Political radicals who had formerly thought they were instigating social
revolution found that their ideas had only fueled the prevailing system.
Klein
concludes that companies were able to accommodate cultural differences while
remaining internally coherent by homogenizing the world’s needs and
desires. Enter the age of the
global corporation.
Claire
Bishop – Relational Aesthetics and Antagonism
In
this article, Bishop criticizes artists whose work is based on interactivity
with the viewer. A prominent
proponent of the movement, Nicolas Bourriaud, lays out a new realm of
aesthetics that encompasses real human interaction (on the part of the viewer)
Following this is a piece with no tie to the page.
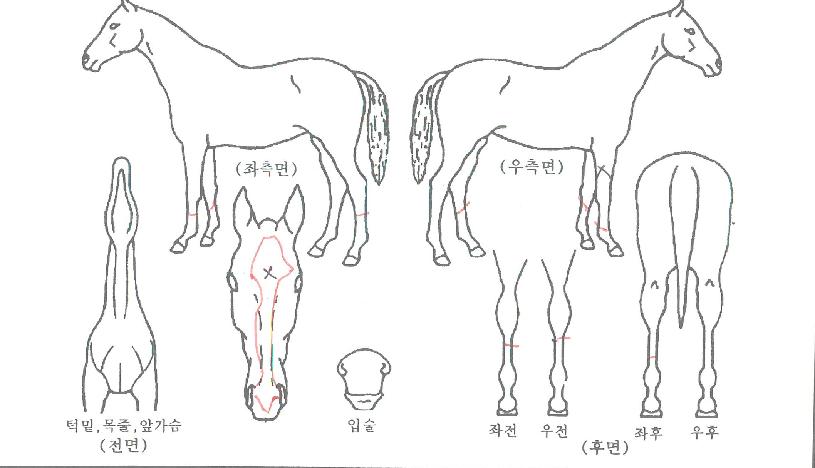 �ְ���½�� ����,���,�޸�,�λ�,�ٸ��� Ư¡����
and the social realities that it represents. Bishop focuses on the artists Rirkrit Tiravanija and Liam
Gillick, both of whom set up installations whose primary purpose is to outline
a distinct social interaction between viewers.
While
interactive work is novel in that it replaces detached opticality with intersubjective
relations, Bourriaud’s analysis is inadequate in that it does not address this
phenomenon with any distinct set of standards that would equip it with
aesthetic value. Bishop introduces
the idea that democratic social structures are based on antagonisms that are
never quite resolved. Antagonism
is the result of collisions between incomplete identities, which necessarily
characterize the subject under Lacan’s definition.
Relational
aesthetic judgments must be formulated with respect to the according realities
of social interaction. Bishop
discusses two artists, Santiago Sierra and Thomas Hirschhorn, whose work
highlights social antagonisms without resolving them via ‘microtopias,’
superficial notions of community evoked by the aforementioned artists. Art that assuages reality by glossing
over social divisions with shallow notions of community is dangerously akin to
entertainment. Even in the sphere
of interactive performance and installation art, the goal remains to mirror and
thus reveal deep, ubiquitous realities.